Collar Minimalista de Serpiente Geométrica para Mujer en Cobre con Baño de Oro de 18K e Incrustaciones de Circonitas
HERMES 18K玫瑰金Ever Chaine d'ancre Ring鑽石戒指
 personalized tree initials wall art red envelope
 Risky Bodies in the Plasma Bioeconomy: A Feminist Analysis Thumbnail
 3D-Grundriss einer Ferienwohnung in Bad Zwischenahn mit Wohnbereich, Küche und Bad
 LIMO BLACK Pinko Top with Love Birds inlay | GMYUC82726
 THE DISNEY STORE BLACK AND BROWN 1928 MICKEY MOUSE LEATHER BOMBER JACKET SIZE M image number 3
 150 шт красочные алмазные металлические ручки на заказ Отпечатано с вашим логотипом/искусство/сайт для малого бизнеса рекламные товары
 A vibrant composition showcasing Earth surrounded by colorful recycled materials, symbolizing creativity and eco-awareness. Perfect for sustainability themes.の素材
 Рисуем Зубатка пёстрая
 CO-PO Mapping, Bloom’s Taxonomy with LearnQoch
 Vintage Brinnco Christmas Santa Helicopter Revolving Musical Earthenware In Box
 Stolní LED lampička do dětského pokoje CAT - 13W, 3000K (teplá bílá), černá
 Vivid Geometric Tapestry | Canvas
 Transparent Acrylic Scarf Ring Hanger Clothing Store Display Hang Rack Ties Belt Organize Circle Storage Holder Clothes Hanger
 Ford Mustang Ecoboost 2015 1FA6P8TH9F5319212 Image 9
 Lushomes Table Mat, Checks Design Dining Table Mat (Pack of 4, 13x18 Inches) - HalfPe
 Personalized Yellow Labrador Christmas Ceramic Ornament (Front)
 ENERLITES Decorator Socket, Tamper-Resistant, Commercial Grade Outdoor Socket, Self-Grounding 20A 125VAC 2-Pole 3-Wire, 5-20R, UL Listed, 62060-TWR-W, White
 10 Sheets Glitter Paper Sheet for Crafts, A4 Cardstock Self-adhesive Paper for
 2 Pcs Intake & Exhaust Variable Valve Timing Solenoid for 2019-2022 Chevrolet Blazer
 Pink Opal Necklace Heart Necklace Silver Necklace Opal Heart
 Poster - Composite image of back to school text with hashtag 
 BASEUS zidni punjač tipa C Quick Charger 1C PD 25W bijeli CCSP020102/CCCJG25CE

◇ ◇ ◇

YOUR ASSIGNMENT
Please copy out each line of the listing above that contains the string "BLACK".

EXPECTED ANSWER
 LIMO BLACK Pinko Top with Love Birds inlay | GMYUC82726
 THE DISNEY STORE BLACK AND BROWN 1928 MICKEY MOUSE LEATHER BOMBER JACKET SIZE M image number 3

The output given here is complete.